-- Opening Marker --

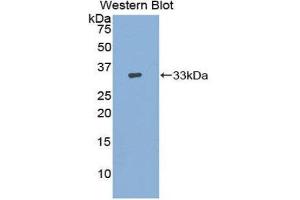 Western Blotting (WB) image for anti-Adenylate Cyclase 9 (ADCY9) (AA 1029-1282) antibody (ABIN1857914) (ADCY9 抗体  (AA 1029-1282))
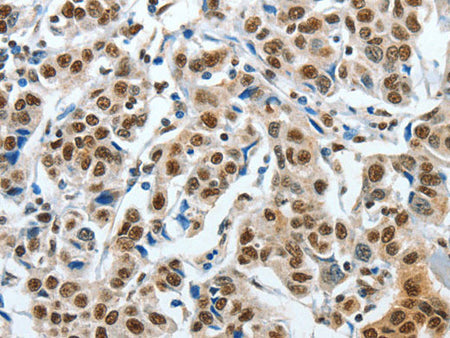 CREB1 Polyclonal Antibody Store at -20°C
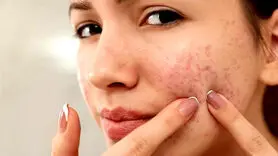 مهمونی دعوتی و جوش مجلسی زدی؟ بیا اینجا یه روش بگم سه سوته از شر جوشت خلاص شی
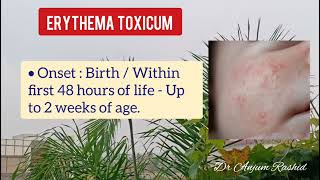 Newborn Baby Rash Erythema Toxicum Neonatorum Causes Symptoms Diagnosis amp Treatment [upl. by Normak]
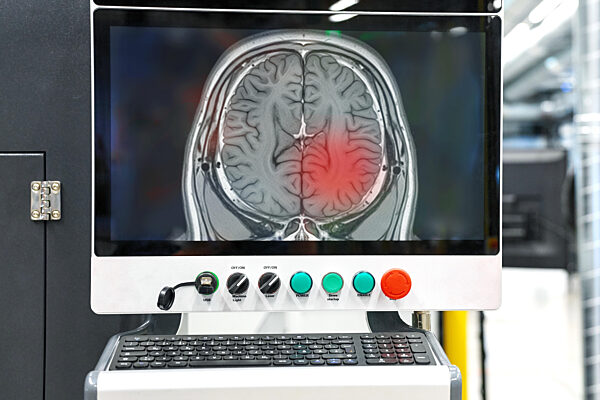 Fotomontage, Auf einem Monitor ist ein MRT-Bild des Gehirns mit rot markierter Auffälligkeit zu sehen, die auf einen möglichen Hirntumor hinweist. Moderne Bildgebung unterstützt Neurologie und Onkologie bei Diagnose und Therapieplanung. Digital nachbear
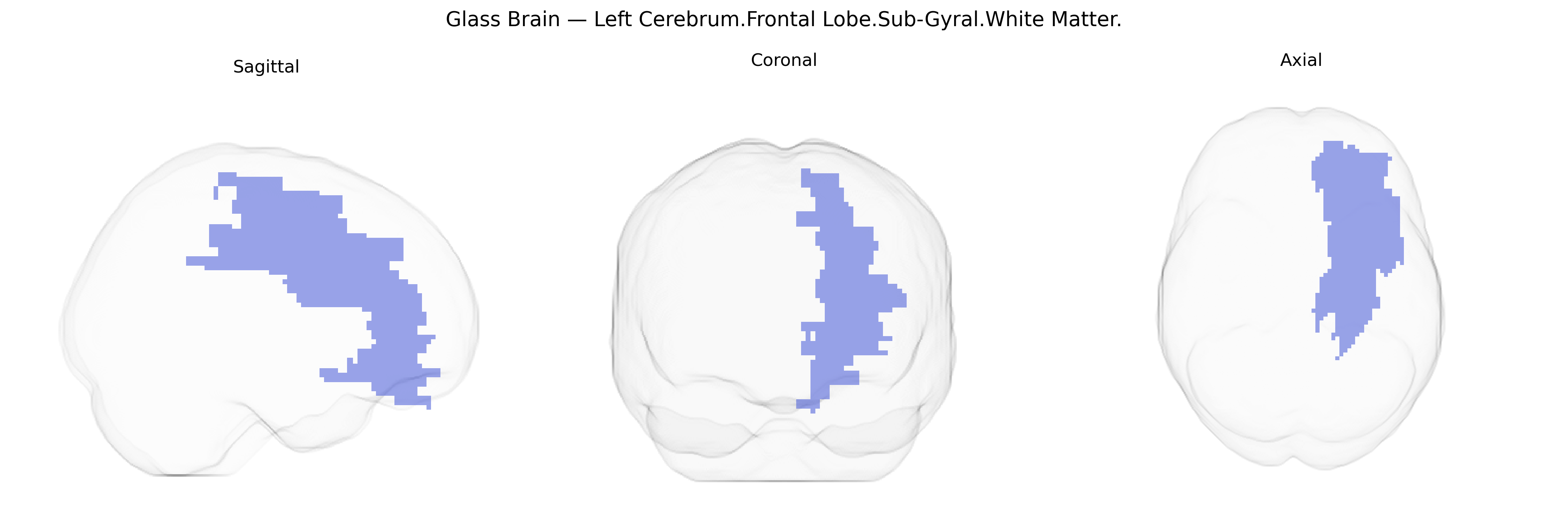 Triplanar Ghost Brain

-- Closing Marker --

*TASK*. Print once more, exactly, the lines from the one with "CREB1 Polyclonal Antibody Store at -20°C" through the last line of the data, both ends included, without any pictures.

*FINISHED EXERCISE*.
 CREB1 Polyclonal Antibody Store at -20°C
 مهمونی دعوتی و جوش مجلسی زدی؟ بیا اینجا یه روش بگم سه سوته از شر جوشت خلاص شی
 Newborn Baby Rash Erythema Toxicum Neonatorum Causes Symptoms Diagnosis amp Treatment [upl. by Normak]
 Fotomontage, Auf einem Monitor ist ein MRT-Bild des Gehirns mit rot markierter Auffälligkeit zu sehen, die auf einen möglichen Hirntumor hinweist. Moderne Bildgebung unterstützt Neurologie und Onkologie bei Diagnose und Therapieplanung. Digital nachbear
 Triplanar Ghost Brain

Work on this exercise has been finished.